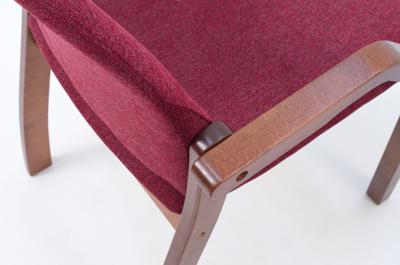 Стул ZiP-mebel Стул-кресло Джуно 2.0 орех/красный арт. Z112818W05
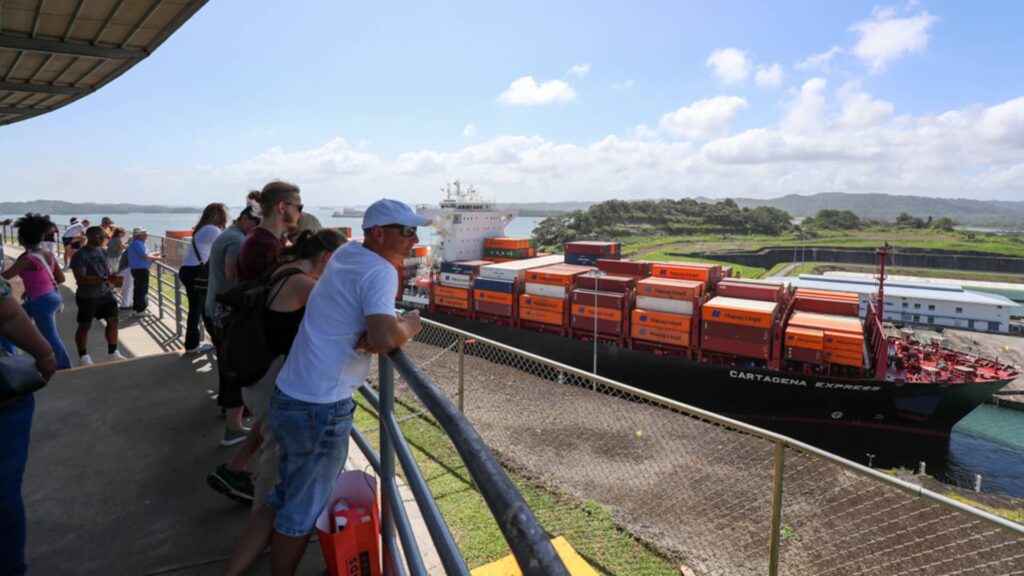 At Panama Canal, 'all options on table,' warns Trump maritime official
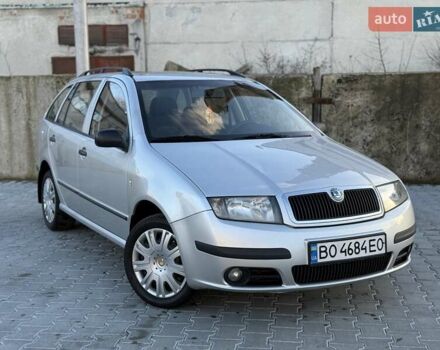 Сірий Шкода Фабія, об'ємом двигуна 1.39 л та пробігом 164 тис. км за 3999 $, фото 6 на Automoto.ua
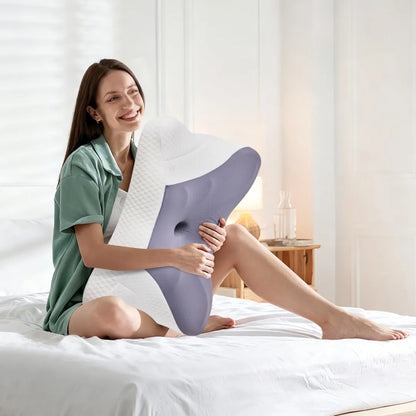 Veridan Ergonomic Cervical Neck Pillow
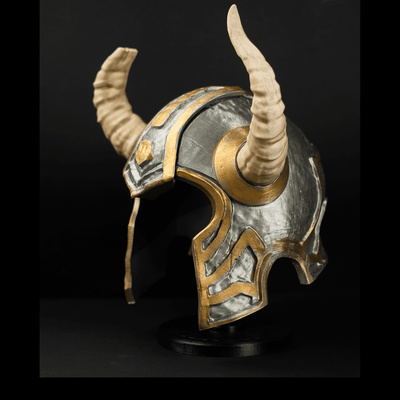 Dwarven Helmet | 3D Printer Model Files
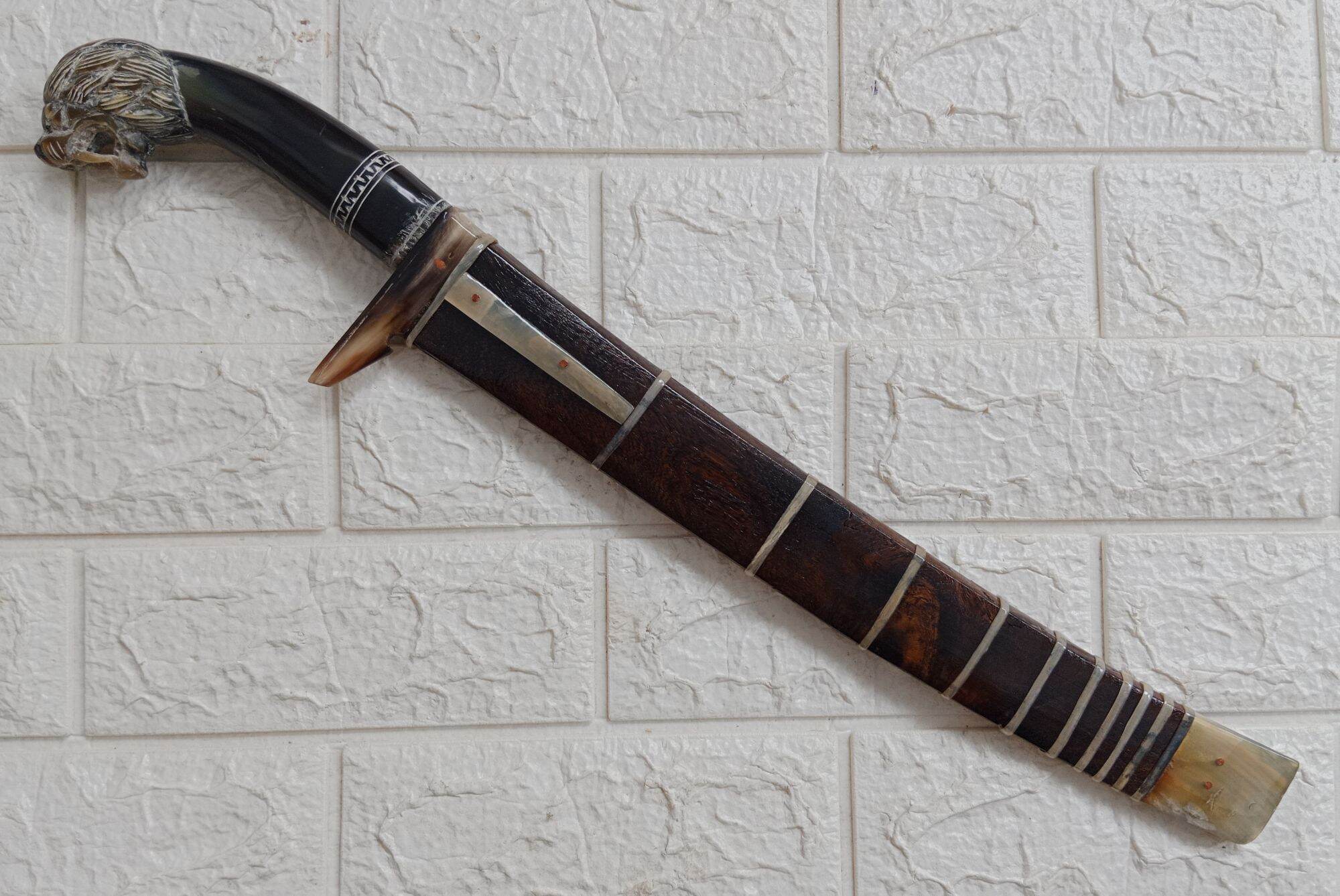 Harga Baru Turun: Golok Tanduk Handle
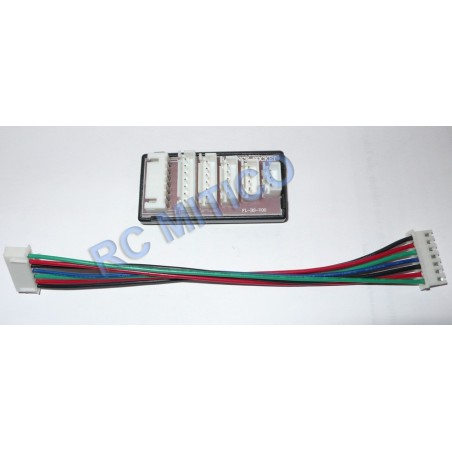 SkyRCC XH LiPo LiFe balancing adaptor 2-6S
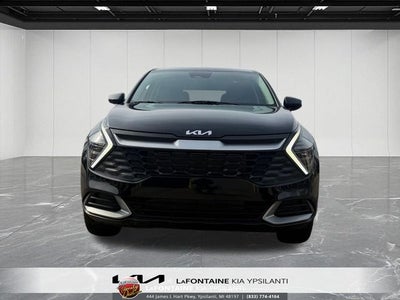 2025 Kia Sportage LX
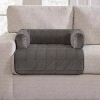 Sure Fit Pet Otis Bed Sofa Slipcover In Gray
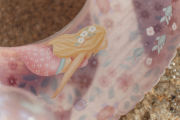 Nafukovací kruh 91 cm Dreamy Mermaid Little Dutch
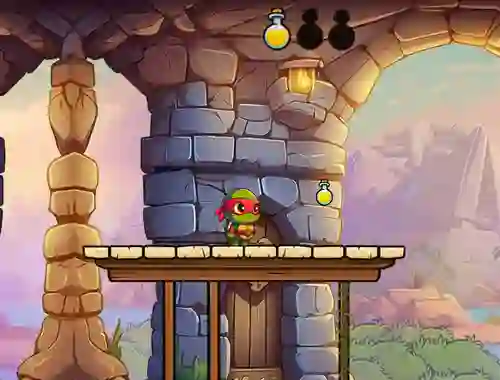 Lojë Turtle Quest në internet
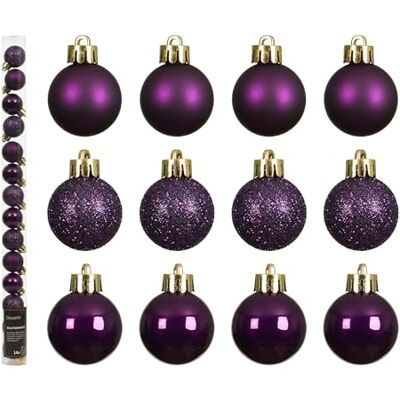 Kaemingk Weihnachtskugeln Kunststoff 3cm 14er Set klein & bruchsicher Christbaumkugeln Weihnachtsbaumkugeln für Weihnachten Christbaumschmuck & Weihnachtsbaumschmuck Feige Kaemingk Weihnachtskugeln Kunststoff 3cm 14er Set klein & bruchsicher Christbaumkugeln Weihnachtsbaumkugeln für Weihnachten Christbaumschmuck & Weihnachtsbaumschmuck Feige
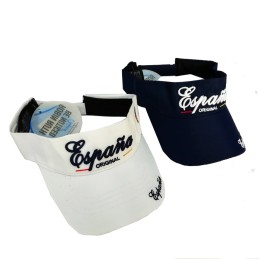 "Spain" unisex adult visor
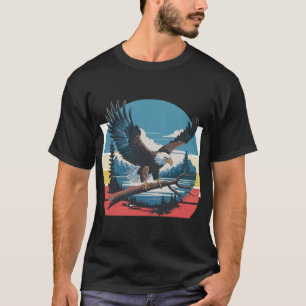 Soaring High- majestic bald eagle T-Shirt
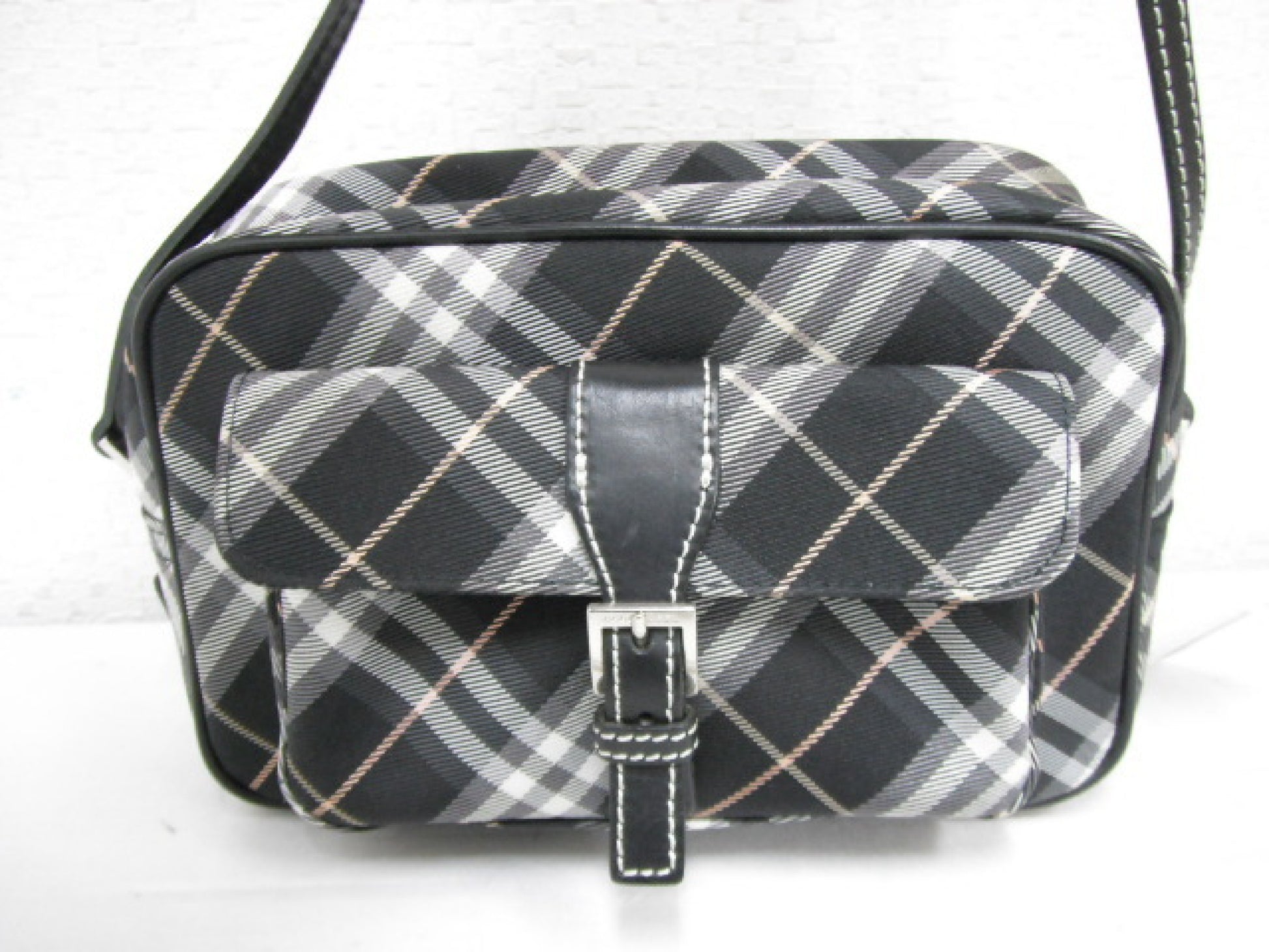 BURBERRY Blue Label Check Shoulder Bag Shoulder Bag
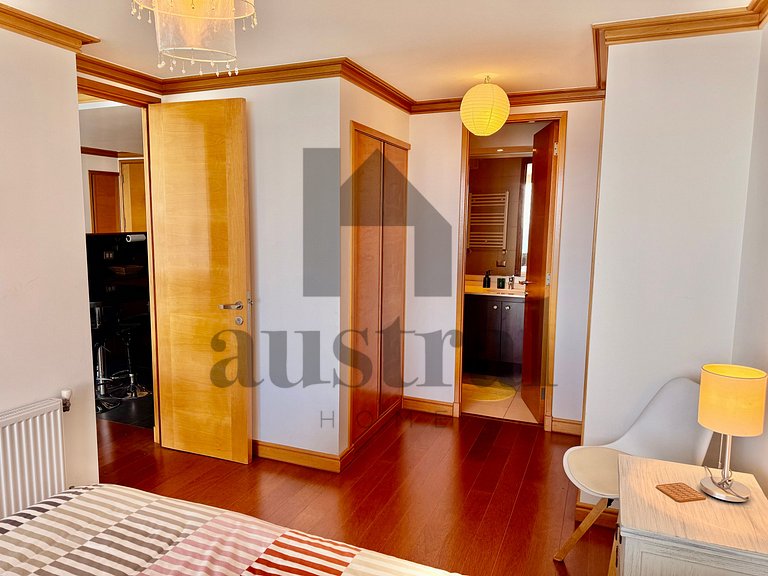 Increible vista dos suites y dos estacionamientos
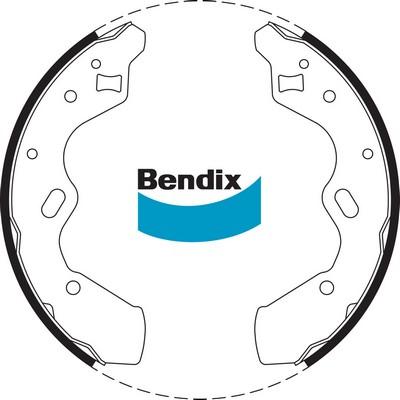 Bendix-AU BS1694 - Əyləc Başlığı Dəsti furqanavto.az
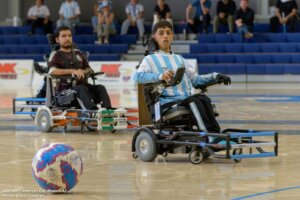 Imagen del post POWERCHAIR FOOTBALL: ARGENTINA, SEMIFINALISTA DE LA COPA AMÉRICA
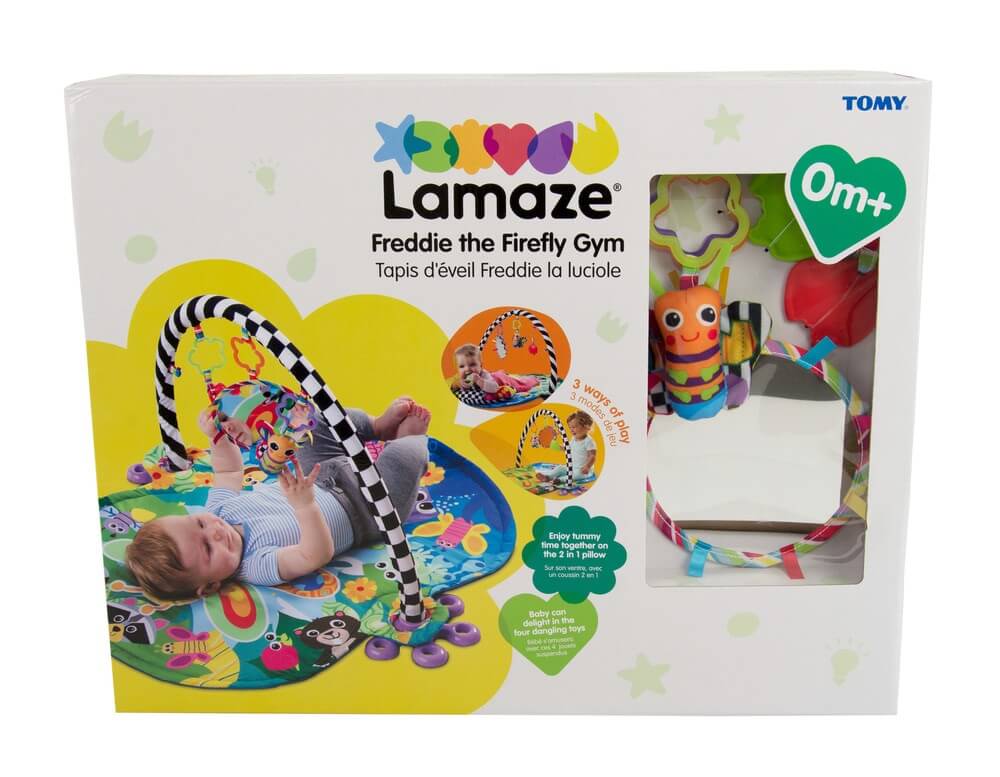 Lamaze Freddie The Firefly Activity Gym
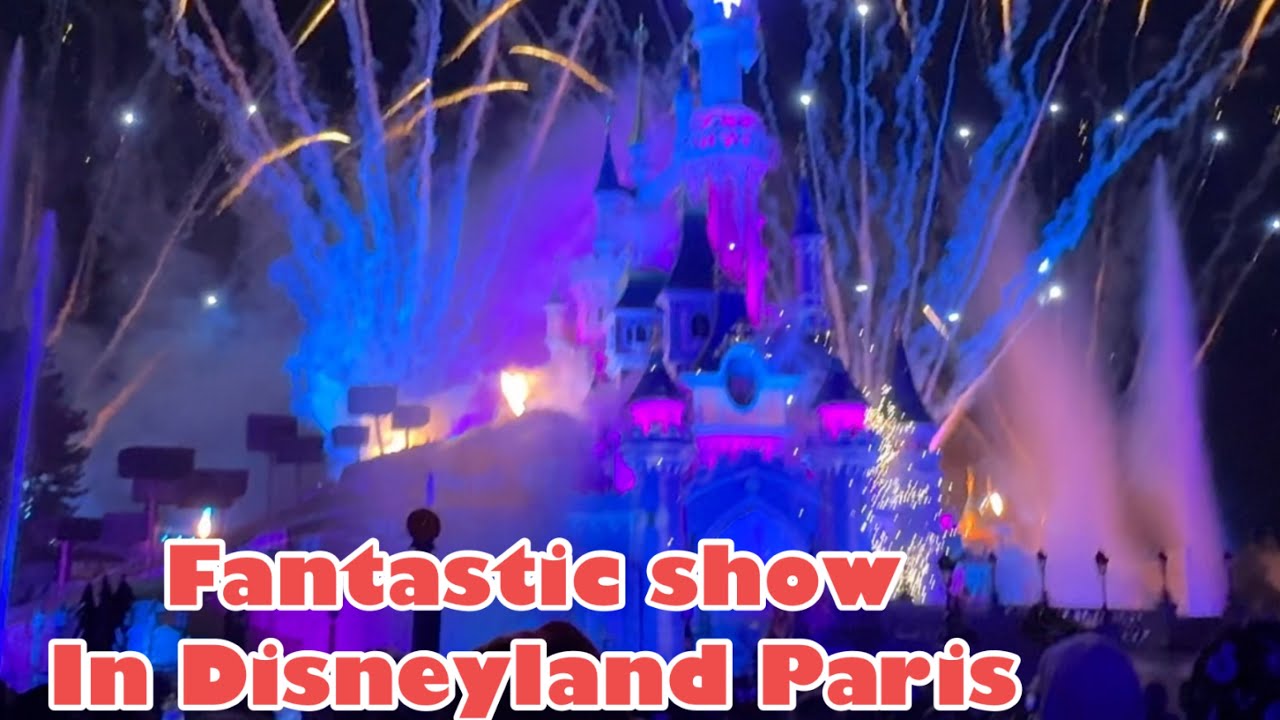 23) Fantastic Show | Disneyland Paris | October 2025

□ □ □

Exercise prompt:
Copy exactly, and only, the lines from the line containing "unisex adult visor" through the final line of the material above, with no pictures.

Output of the task:
 "Spain" unisex adult visor
 Soaring High- majestic bald eagle T-Shirt
 BURBERRY Blue Label Check Shoulder Bag Shoulder Bag
 Increible vista dos suites y dos estacionamientos
 Bendix-AU BS1694 - Əyləc Başlığı Dəsti furqanavto.az
 Imagen del post POWERCHAIR FOOTBALL: ARGENTINA, SEMIFINALISTA DE LA COPA AMÉRICA
 Lamaze Freddie The Firefly Activity Gym
 23) Fantastic Show | Disneyland Paris | October 2025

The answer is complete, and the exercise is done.